Canberra's Parliament House: a 'symbol of national identity' – a history of cities in 50 buildings, day 39

Canberra’s Parliament House was built to mark the bicentenary of European settlement in 1988.
Canberra’s Parliament House was built to mark the bicentenary of European settlement in 1988. Photograph: Dan Breckwoldt/Alamy

“I have planned a city not like any other city in the world. I have planned it not in a way that I expected any government authorities in the world would accept. I have planned an ideal city – a city that meets my ideal of the city of the future.”

Those were the words of Walter Burley Griffin, the young American architect who won a competition to design the new Australian capital city, Canberra, in 1912. The idealistic Griffin, along with his professional and life partner Marion Mahony, spent the next eight years tied in knots by politicians and bureaucrats determined to prevent his vision from becoming a reality.
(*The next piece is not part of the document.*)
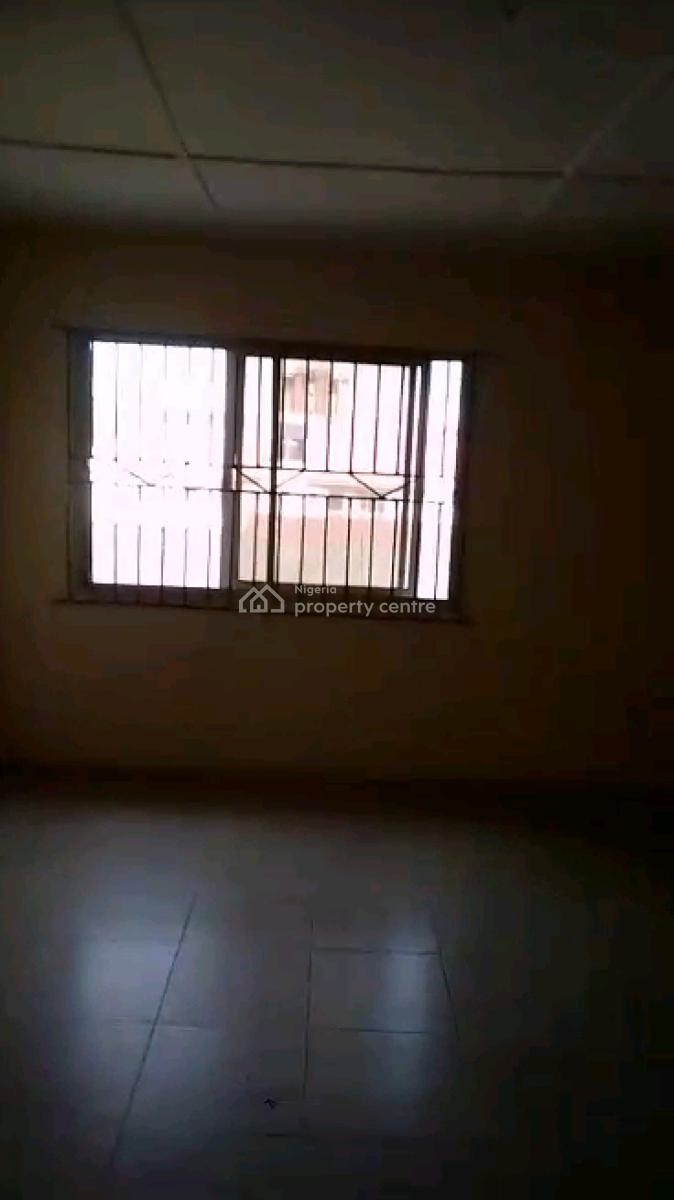 Just Renovated 3 Bedroom, Up Stairs, Packing Space, Gated Compound, Alara Behind Queen College, Alagomeji, Yaba, Lagos, Flat / Apartment for Rent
Griffin resigned from the project in 1920 without having created a single building, and little of his plan was put into effect, aside from a few roads and a lake. Yet the influence of Griffin and Mahony’s work pervades Australia’s most significant public building, the Parliament House created by Romaldo Giurgola almost 70 years later.

Griffin and Mahony believed fervently in Australia’s potential as a young and bold democracy. Griffin declared that the new capital – to be located in bushland between Sydney and Melbourne – presented a unique opportunity for a totally planned city. He said, “This virgin city under unified control … is in a position to exact unity in plan and homogeneity in expression and harmony with the whole natural environment.”

View of Parliament House from a hot air balloon. The building is integrated within the hill in order to put ‘the people above the parliament’.
View of Parliament House from a hot air balloon. The building is integrated within the hill in order to put ‘the people above the parliament’. Photograph: Lukas Coch/EPA

Their design ingeniously mapped a geometric plan of key buildings and main avenues on to the existing topography of mountains, hills and the river. Although Griffin was officially hired by the Australian government as federal capital director of design and construction, he readily acknowledged Mahony as responsible for “much more than half” of the plan.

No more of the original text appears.